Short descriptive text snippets
BEGIN

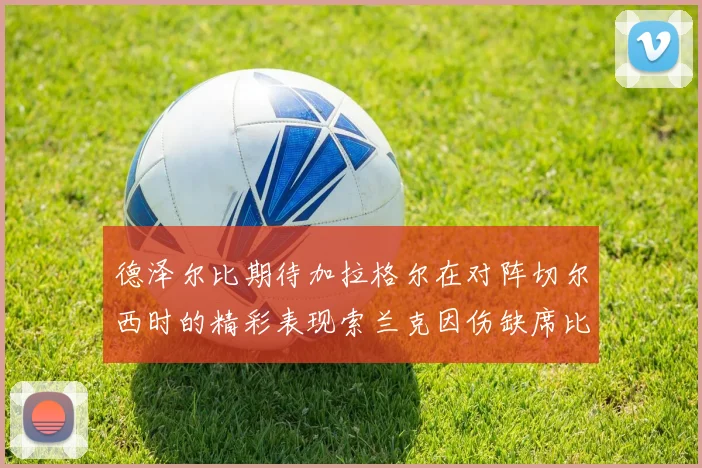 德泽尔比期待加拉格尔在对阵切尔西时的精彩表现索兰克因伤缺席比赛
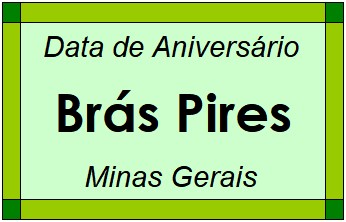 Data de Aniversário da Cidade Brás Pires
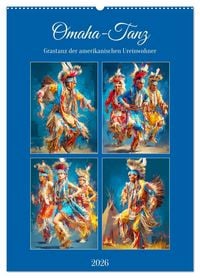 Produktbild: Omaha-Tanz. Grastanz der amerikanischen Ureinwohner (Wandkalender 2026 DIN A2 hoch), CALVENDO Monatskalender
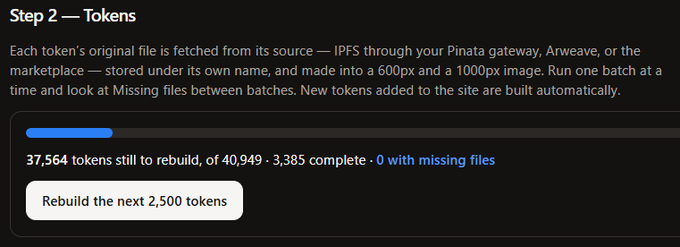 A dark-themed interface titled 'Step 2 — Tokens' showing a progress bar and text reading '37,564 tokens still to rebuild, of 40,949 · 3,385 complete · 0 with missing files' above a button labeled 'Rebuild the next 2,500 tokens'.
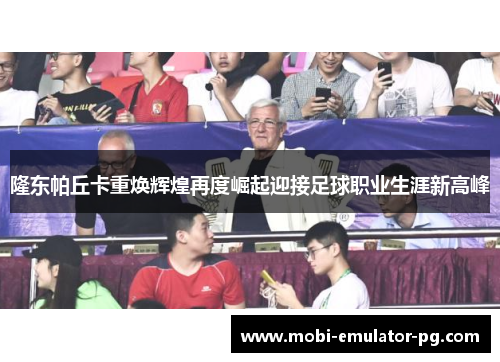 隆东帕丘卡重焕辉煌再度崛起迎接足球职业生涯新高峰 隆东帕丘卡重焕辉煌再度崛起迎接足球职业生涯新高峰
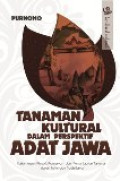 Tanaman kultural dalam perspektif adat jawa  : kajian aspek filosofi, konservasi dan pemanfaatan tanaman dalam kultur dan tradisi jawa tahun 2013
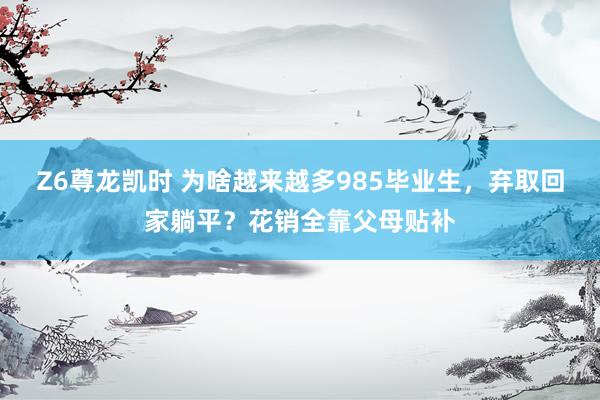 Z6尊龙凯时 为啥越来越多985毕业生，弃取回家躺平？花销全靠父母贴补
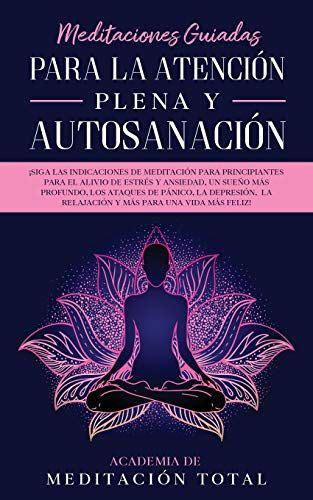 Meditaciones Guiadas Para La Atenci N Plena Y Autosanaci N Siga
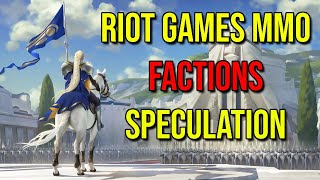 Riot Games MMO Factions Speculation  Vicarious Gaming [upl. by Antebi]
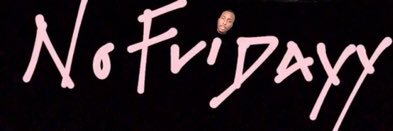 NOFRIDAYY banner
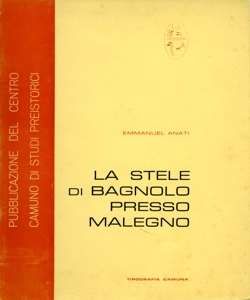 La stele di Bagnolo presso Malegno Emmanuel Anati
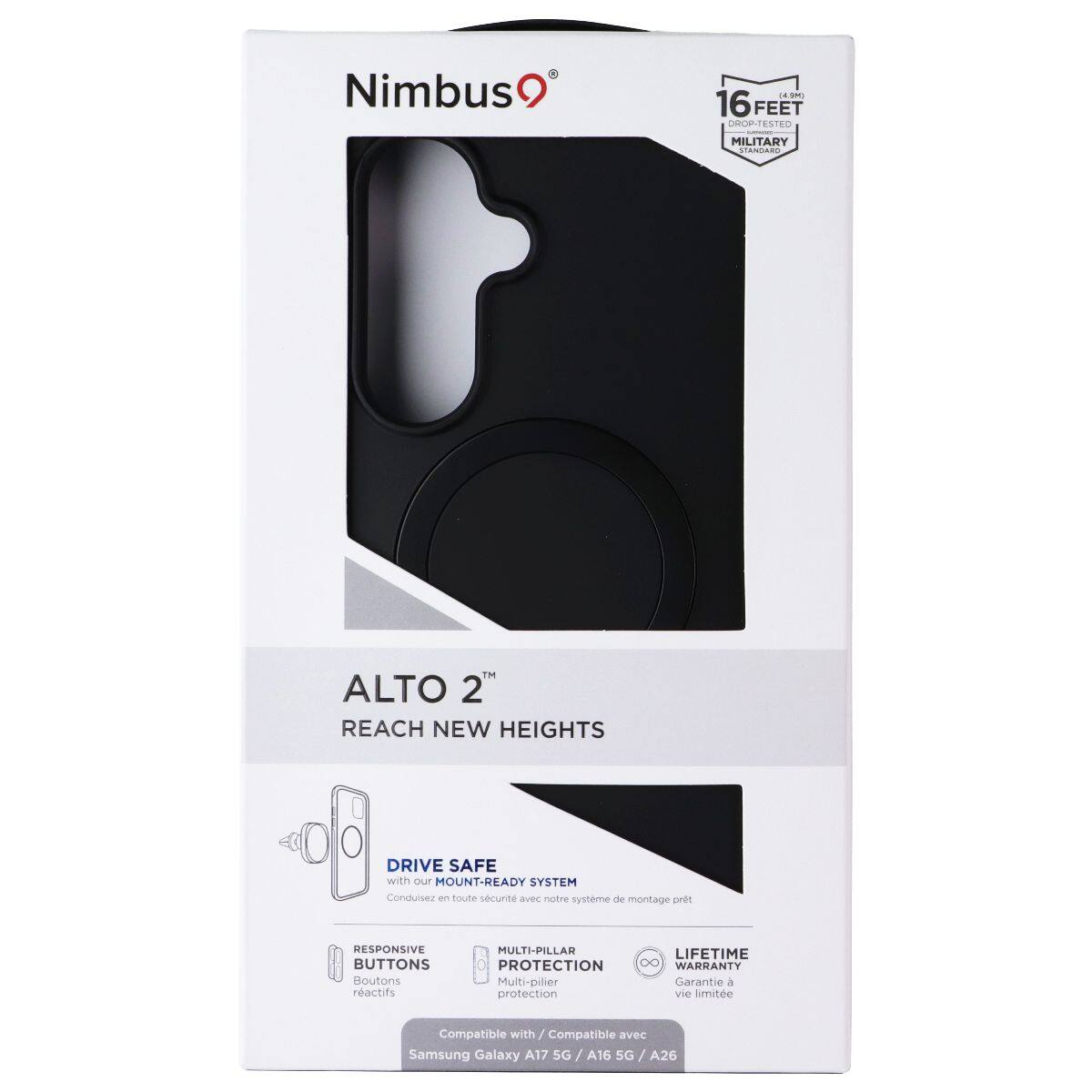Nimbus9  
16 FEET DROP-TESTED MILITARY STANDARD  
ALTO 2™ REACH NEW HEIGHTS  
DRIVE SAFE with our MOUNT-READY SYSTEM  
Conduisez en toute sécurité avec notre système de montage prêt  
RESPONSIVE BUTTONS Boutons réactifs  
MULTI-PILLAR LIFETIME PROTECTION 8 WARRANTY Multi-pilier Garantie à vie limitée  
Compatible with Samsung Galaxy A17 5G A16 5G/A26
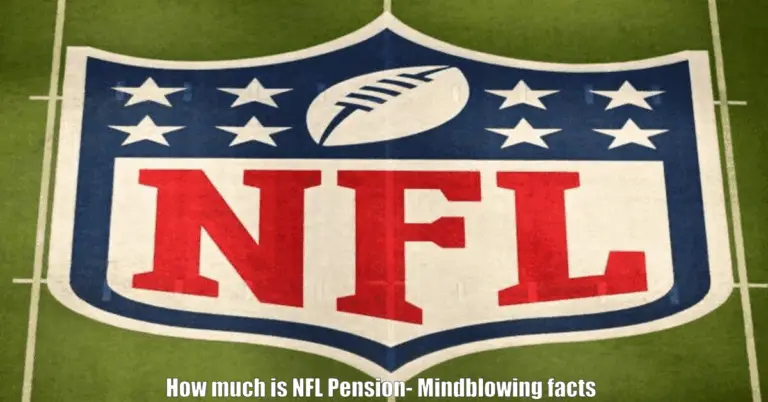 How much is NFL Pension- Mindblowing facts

END
BEGIN

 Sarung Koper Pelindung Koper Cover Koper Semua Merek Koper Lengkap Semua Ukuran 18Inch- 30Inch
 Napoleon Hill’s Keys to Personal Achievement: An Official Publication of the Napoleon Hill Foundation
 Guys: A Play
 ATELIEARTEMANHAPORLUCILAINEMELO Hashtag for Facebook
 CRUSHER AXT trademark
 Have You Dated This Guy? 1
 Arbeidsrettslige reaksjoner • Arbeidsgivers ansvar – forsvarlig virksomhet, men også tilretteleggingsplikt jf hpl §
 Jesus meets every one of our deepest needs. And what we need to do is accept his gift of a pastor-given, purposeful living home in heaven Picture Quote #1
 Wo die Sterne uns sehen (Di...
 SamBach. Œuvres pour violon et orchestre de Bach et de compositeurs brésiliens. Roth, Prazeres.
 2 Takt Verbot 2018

END
BEGIN

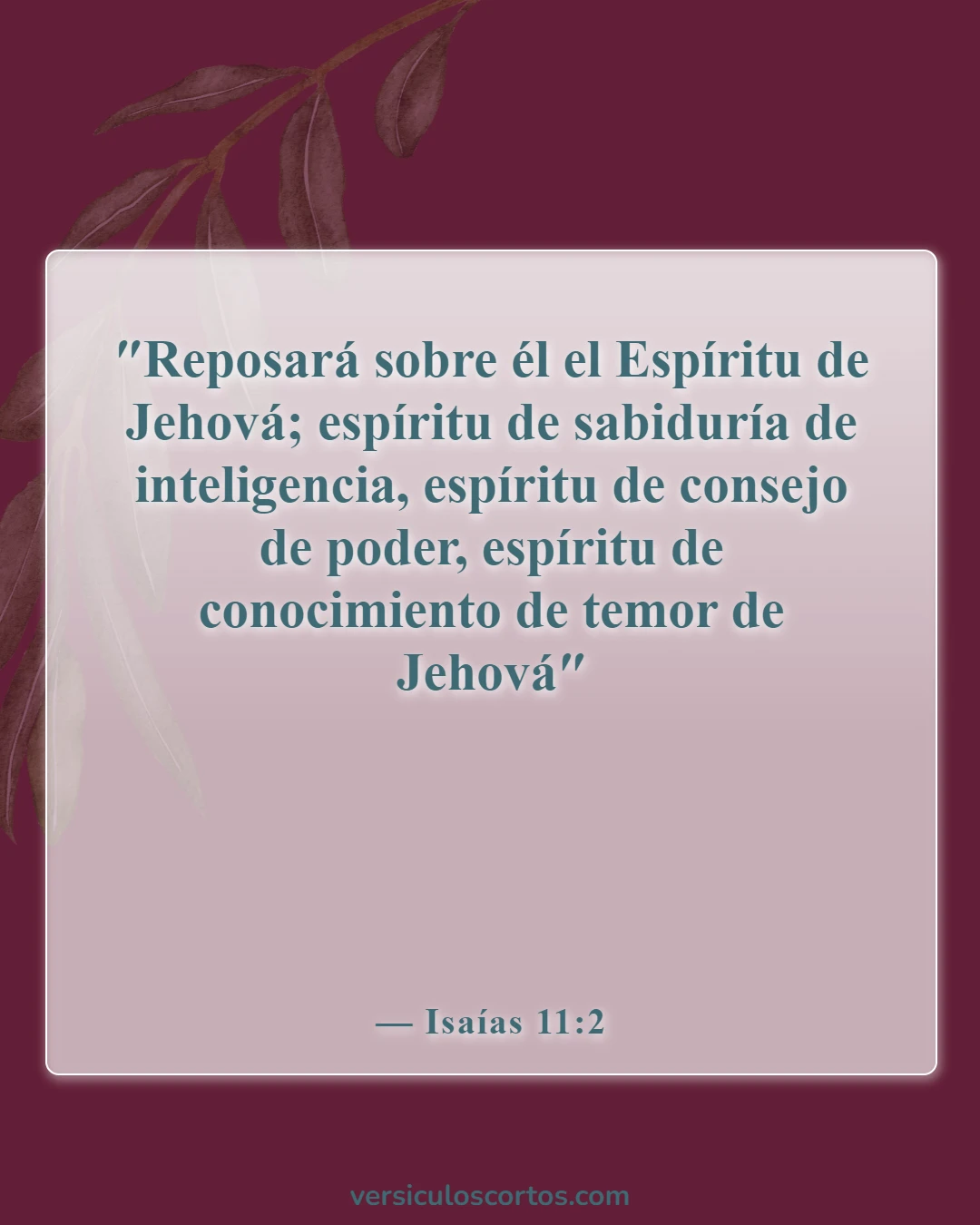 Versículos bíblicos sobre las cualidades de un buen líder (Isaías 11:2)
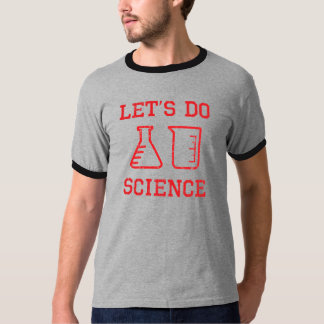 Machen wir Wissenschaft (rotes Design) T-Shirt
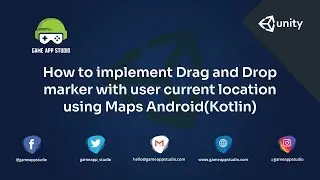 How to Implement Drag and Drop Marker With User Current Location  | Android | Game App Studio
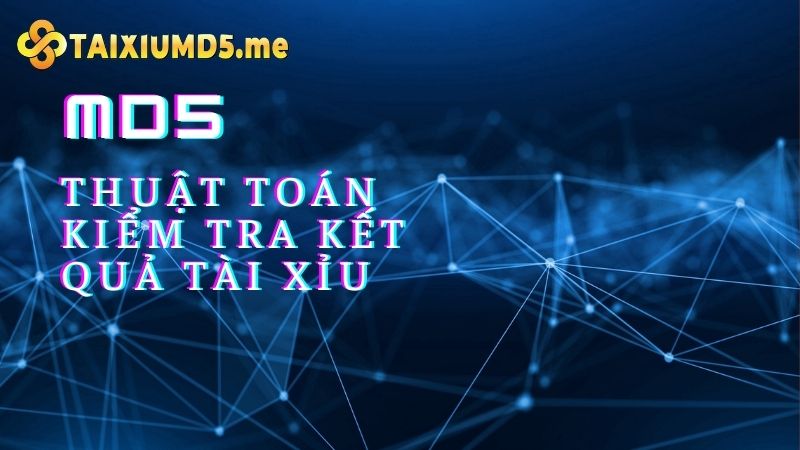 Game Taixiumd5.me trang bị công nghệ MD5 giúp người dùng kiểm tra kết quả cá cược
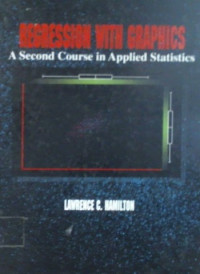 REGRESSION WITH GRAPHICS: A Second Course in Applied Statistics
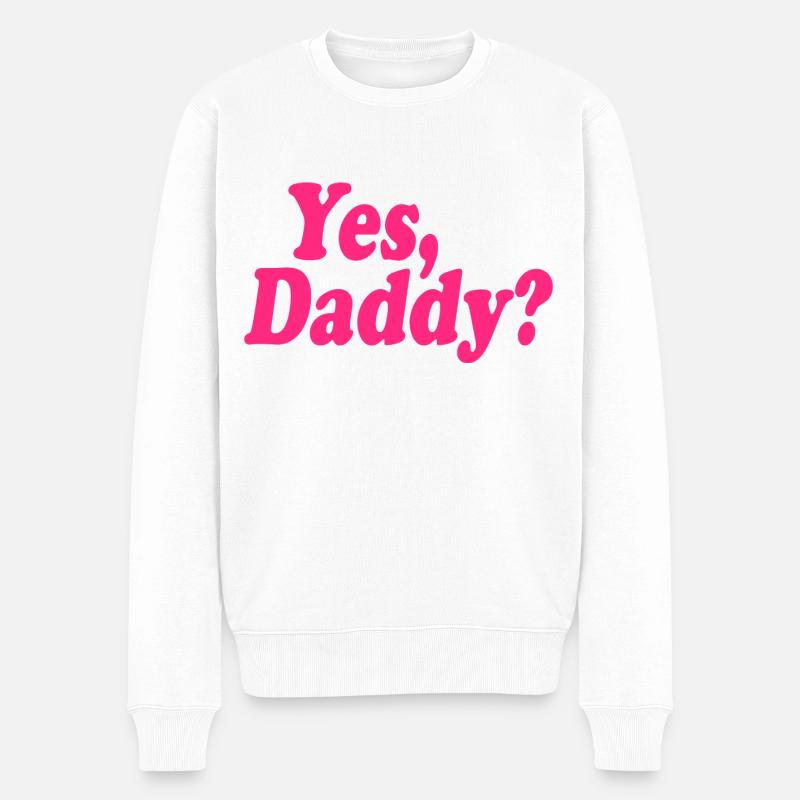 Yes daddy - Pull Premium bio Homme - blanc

END

[Try it] Could you repeat, exactly, only the lines above starting at the one that has "德泽尔比期待加拉格尔在对阵切尔西时的精彩表现索兰克因伤缺席比赛" and stopping after the one that has "How much is NFL Pension- Mindblowing facts", without the pictures?

[Result of this task]
 德泽尔比期待加拉格尔在对阵切尔西时的精彩表现索兰克因伤缺席比赛
 Data de Aniversário da Cidade Brás Pires
 Produktbild: Omaha-Tanz. Grastanz der amerikanischen Ureinwohner (Wandkalender 2026 DIN A2 hoch), CALVENDO Monatskalender
 A dark-themed interface titled 'Step 2 — Tokens' showing a progress bar and text reading '37,564 tokens still to rebuild, of 40,949 · 3,385 complete · 0 with missing files' above a button labeled 'Rebuild the next 2,500 tokens'.
 隆东帕丘卡重焕辉煌再度崛起迎接足球职业生涯新高峰 隆东帕丘卡重焕辉煌再度崛起迎接足球职业生涯新高峰
 Tanaman kultural dalam perspektif adat jawa  : kajian aspek filosofi, konservasi dan pemanfaatan tanaman dalam kultur dan tradisi jawa tahun 2013
 Z6尊龙凯时 为啥越来越多985毕业生，弃取回家躺平？花销全靠父母贴补
 Meditaciones Guiadas Para La Atenci N Plena Y Autosanaci N Siga
 Riot Games MMO Factions Speculation  Vicarious Gaming [upl. by Antebi]
 NOFRIDAYY banner
 La stele di Bagnolo presso Malegno Emmanuel Anati
Nimbus9  
16 FEET DROP-TESTED MILITARY STANDARD  
ALTO 2™ REACH NEW HEIGHTS  
DRIVE SAFE with our MOUNT-READY SYSTEM  
Conduisez en toute sécurité avec notre système de montage prêt  
RESPONSIVE BUTTONS Boutons réactifs  
MULTI-PILLAR LIFETIME PROTECTION 8 WARRANTY Multi-pilier Garantie à vie limitée  
Compatible with Samsung Galaxy A17 5G A16 5G/A26
 How much is NFL Pension- Mindblowing facts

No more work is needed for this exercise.